# An absurd, nigh-impossible request...



## Crowley (Jun 27, 2006)

So I lost some Photoshop brushes that I used all the time. They were fantastic, and with them I made things like this.

Basically I'm hoping someone recognises the brushes used and could tell me where to get them again.

Thanks for your time.


----------



## koala (Mar 27, 2005)

If you saved your files in Photoshop CS2 as .psd you might have saved the History Log (Preferences > General) which should show the names of any brushes used.

http://www.sns.ias.edu/~jns/wp/2006...story-log-to-image-metadata-in-photoshop-cs2/









If not, it will be very difficult to track them down as there are thousands of commercial and home-made ones available. Are these brushes you've downloaded for free or bought?

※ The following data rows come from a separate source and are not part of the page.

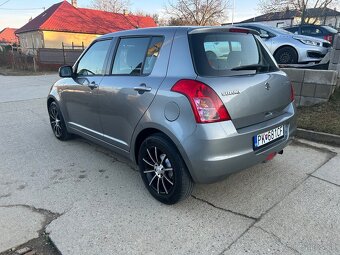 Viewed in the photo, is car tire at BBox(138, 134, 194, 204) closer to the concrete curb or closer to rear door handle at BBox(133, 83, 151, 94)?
rear door handle at BBox(133, 83, 151, 94)

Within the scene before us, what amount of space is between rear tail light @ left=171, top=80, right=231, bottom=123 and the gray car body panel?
0.14 feet

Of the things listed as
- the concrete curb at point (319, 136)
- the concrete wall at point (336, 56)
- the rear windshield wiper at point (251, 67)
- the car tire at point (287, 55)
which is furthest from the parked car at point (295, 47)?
the rear windshield wiper at point (251, 67)

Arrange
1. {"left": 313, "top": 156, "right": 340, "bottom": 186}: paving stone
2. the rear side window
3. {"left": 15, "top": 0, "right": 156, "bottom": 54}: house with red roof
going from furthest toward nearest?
{"left": 15, "top": 0, "right": 156, "bottom": 54}: house with red roof, {"left": 313, "top": 156, "right": 340, "bottom": 186}: paving stone, the rear side window

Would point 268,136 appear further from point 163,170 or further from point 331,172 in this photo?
point 331,172

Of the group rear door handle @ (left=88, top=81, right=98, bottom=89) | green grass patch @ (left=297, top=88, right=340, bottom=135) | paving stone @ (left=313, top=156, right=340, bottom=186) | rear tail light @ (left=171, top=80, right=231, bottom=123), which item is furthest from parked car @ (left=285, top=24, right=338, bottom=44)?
rear tail light @ (left=171, top=80, right=231, bottom=123)

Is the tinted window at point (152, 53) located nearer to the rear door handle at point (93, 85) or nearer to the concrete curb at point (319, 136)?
the rear door handle at point (93, 85)

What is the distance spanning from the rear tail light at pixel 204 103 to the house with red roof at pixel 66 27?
3504 centimetres

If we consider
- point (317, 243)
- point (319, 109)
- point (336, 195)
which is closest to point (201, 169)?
point (317, 243)

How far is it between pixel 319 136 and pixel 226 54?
277 centimetres

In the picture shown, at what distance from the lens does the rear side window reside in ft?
10.2

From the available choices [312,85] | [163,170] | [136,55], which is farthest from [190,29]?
[312,85]

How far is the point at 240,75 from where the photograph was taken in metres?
2.83

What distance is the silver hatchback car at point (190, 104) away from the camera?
260 cm

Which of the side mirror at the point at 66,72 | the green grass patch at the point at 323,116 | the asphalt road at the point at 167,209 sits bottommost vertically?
the asphalt road at the point at 167,209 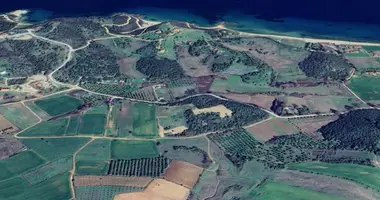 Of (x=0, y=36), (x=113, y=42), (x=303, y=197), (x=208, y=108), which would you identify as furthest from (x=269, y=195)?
(x=0, y=36)

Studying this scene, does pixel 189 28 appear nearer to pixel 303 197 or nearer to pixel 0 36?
pixel 0 36

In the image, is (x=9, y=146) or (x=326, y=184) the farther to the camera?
(x=9, y=146)

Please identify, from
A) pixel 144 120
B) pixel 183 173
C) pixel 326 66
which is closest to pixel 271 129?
pixel 183 173

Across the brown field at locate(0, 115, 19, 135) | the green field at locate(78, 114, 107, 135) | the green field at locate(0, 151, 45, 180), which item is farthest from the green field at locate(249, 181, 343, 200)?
the brown field at locate(0, 115, 19, 135)

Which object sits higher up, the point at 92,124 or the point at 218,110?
the point at 218,110

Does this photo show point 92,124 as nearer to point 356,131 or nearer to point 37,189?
point 37,189

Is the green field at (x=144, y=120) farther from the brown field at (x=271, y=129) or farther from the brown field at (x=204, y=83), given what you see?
the brown field at (x=271, y=129) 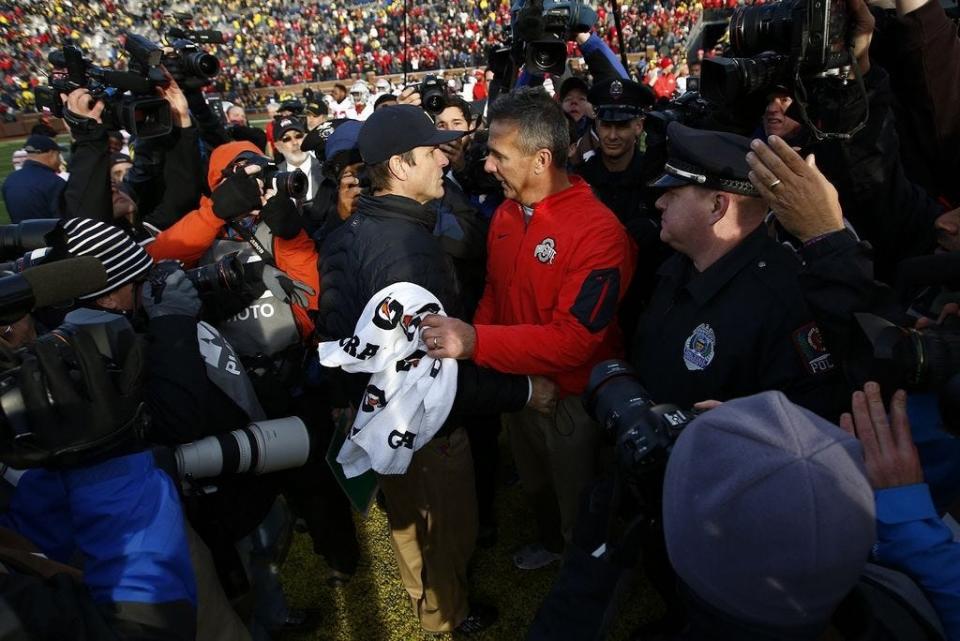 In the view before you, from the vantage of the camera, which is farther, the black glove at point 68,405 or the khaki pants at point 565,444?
the khaki pants at point 565,444

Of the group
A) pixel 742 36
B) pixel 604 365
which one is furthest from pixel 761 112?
pixel 604 365

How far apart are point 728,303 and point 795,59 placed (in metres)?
0.72

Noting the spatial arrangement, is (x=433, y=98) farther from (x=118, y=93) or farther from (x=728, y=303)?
(x=728, y=303)

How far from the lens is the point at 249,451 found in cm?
195

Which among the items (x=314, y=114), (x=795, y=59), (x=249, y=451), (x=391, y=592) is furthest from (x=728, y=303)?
(x=314, y=114)

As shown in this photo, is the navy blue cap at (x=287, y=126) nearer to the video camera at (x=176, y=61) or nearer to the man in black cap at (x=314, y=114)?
the man in black cap at (x=314, y=114)

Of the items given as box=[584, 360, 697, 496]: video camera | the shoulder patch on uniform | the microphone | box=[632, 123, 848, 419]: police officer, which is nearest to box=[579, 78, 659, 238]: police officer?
box=[632, 123, 848, 419]: police officer

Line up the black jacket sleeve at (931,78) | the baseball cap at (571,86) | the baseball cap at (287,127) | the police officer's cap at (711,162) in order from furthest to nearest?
the baseball cap at (287,127)
the baseball cap at (571,86)
the black jacket sleeve at (931,78)
the police officer's cap at (711,162)

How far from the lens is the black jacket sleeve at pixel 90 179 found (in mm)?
2939

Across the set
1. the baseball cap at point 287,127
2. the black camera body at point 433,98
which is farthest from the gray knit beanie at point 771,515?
the baseball cap at point 287,127

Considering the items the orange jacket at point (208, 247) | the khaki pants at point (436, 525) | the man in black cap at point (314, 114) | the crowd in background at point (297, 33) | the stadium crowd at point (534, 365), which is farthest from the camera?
the crowd in background at point (297, 33)

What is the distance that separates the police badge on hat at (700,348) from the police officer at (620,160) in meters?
1.32

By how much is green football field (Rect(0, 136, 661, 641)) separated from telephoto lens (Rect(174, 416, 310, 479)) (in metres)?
0.99

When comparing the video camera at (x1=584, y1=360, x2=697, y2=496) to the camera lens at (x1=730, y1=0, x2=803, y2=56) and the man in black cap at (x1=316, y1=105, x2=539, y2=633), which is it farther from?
the camera lens at (x1=730, y1=0, x2=803, y2=56) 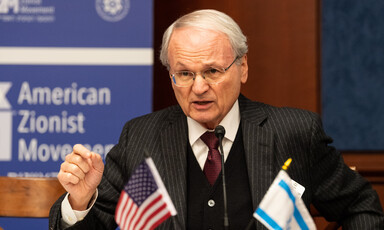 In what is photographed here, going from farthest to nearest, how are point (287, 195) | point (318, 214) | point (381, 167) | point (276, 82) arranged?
point (276, 82)
point (381, 167)
point (318, 214)
point (287, 195)

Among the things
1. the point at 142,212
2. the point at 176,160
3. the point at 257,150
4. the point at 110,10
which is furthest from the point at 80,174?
the point at 110,10

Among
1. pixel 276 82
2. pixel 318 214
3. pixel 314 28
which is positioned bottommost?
pixel 318 214

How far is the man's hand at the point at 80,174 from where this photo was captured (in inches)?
69.7

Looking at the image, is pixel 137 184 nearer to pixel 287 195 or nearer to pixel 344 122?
pixel 287 195

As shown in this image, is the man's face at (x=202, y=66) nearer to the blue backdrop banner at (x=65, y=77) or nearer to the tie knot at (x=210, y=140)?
the tie knot at (x=210, y=140)

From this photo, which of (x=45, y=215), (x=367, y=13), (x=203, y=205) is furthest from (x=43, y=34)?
(x=367, y=13)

Do you have any photoshop websites listed in your bookmarks/favorites where you might have downloaded the brushes from?

http://www.freephotoshop.com/html/free_brushes.html
http://biorust.com/index.php?page=downloads_section&catid=3
http://blinding-light.com/download/brushes
http://graphicssoft.about.com/od/photoshopbrushes/
http://www.photoshopsupport.com/tools/brushes.html
http://www.photoshopbrushes.com/brushes.htm
http://magitek-designs.net/brushes/index.php?page=about_linkage


----------



## Crowley (Jun 27, 2006)

Well, I lost them in a reformat so I'm going to guess they won't be there. 

I think I followed a link from that Good-Tutorials site, but given the masses of sites they have there it's like the proverbial haystack.


----------



## koala (Mar 27, 2005)

If you're really desperate to get them back, you could use *PC Inspector File Recovery* to search your drive for brush files (.ABR). It should be able to find them, even after a format, as long as their locations on the drive haven't been overwritten. Might be worth a try.


----------